> Exercise aim
Copy the records below line by line and word for word, from the very first line through the line with "In Seitenstraßen schiebt", omitting each picture.

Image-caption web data

+++

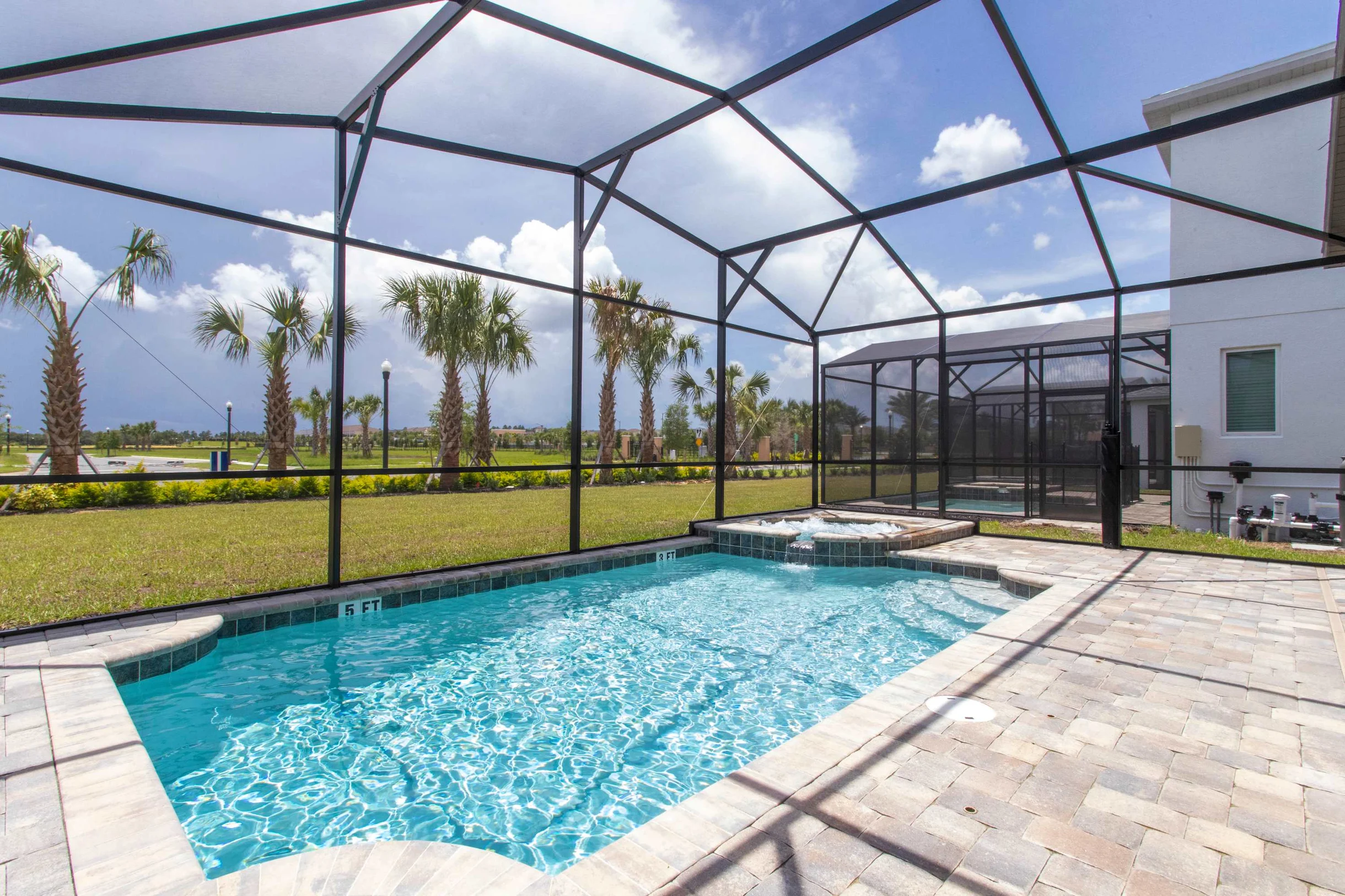 Home in Kissimmee property photo 1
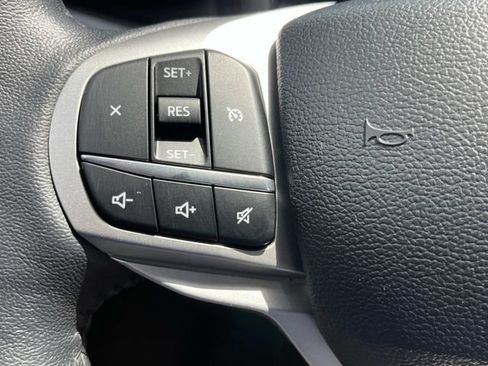 Used 2024 Ford Explorer XLT w/ Equipment Group 202A AWD/4WD image 38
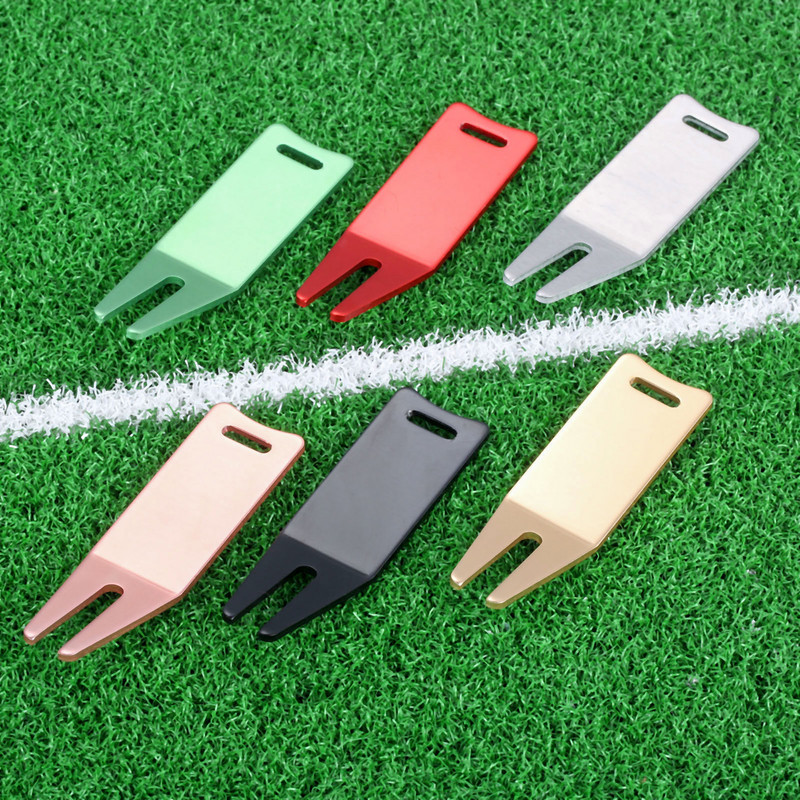 Alumiiniumist painutatud Golf Divot`i remonditööriistade hargiharud Green Pitch muru hooldamiseks/soonte puhastamiseks/märgistamiseks palli treenimiseks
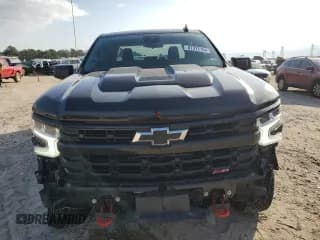 ✅ 2024 Chevrolet Silverado 1500 LT Trail Boss • VIN: 3GCPDFEK4RG186280 • Lot: 87312154. Wystawiony na Copart z przebiegiem 15 776 mil. Bezpłatny archiwum sprzedaży aukcyjnych z USA i szczegółowy raport historii pojazdu na DreamBid. Zdjęcie 5.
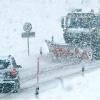 In Seitenstraßen schiebt der Bauhof Kaufbeuren oft Schnee auf geräumte Gehwege
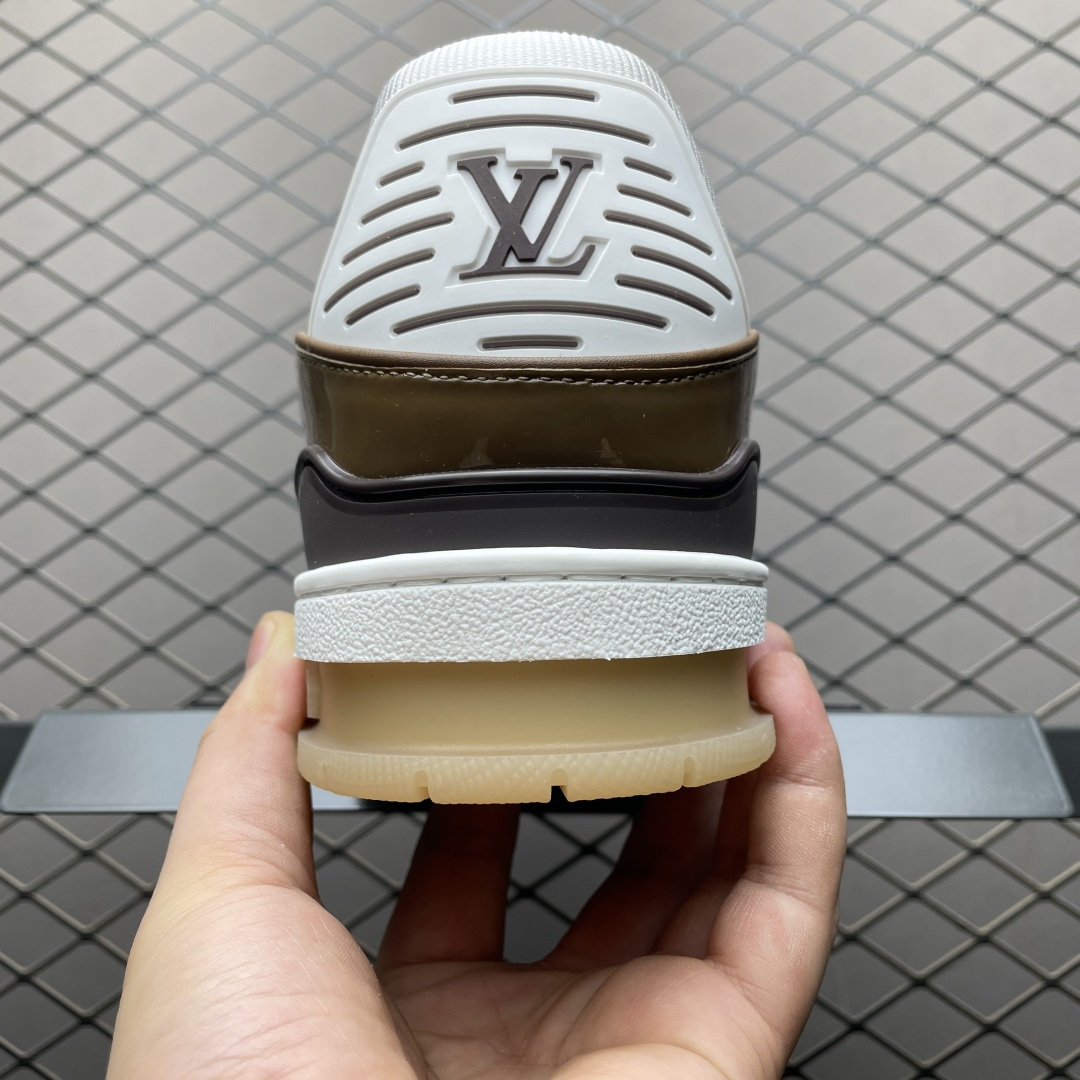 图片[2]-Louis Vuitton 路易威登 LV Trainer 低帮休闲板鞋 海淘代购同渠道品质 高端零售 外贸充正专供 原版购入开发 ZP级全套包装 完美楦型 正确卡色 大底TPU 质感媲美原版 细节与原版一致 请注意区分市面通货材 尺码：38 39 40 41 42 43 44 45 46-选品中心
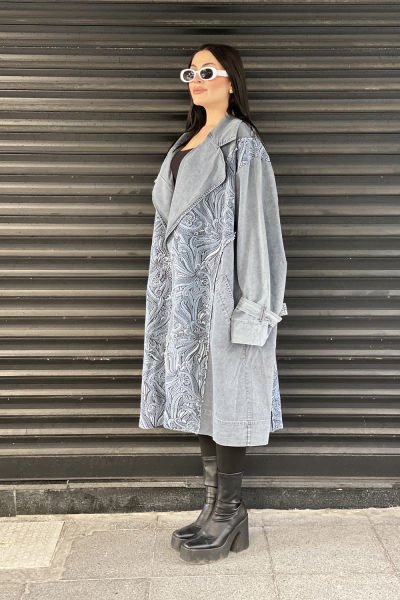 Nakışlı Tasarım Oversize Trençkot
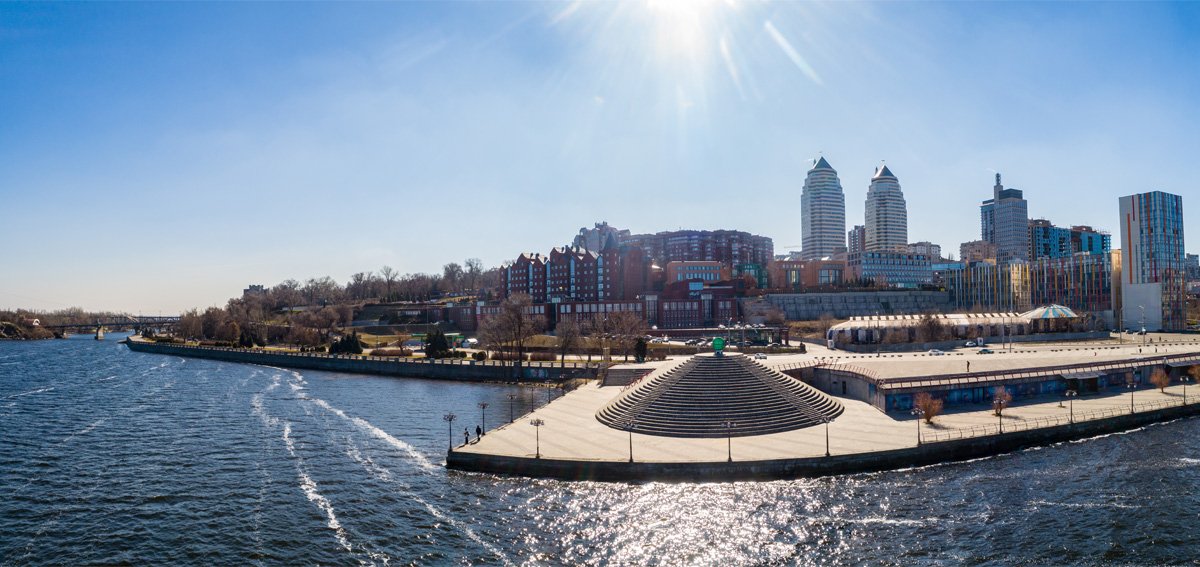 Весна разукрашивает город Весна разукрашивает город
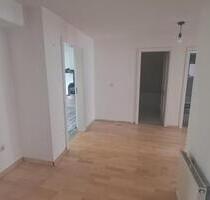 Schöne 3 Raum WE mit Küche und Kaminofen - Freiberg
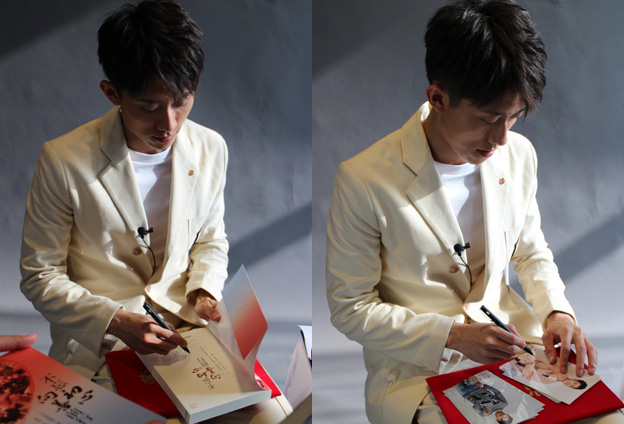 一個人最重要的素質(zhì)其實就是認(rèn)清自己，不管多么的成功，不要忘記自己的初心，這是最重要的。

+++

> Solution to the exercise
 Home in Kissimmee property photo 1
 Used 2024 Ford Explorer XLT w/ Equipment Group 202A AWD/4WD image 38
 Alumiiniumist painutatud Golf Divot`i remonditööriistade hargiharud Green Pitch muru hooldamiseks/soonte puhastamiseks/märgistamiseks palli treenimiseks
 ✅ 2024 Chevrolet Silverado 1500 LT Trail Boss • VIN: 3GCPDFEK4RG186280 • Lot: 87312154. Wystawiony na Copart z przebiegiem 15 776 mil. Bezpłatny archiwum sprzedaży aukcyjnych z USA i szczegółowy raport historii pojazdu na DreamBid. Zdjęcie 5.
 In Seitenstraßen schiebt der Bauhof Kaufbeuren oft Schnee auf geräumte Gehwege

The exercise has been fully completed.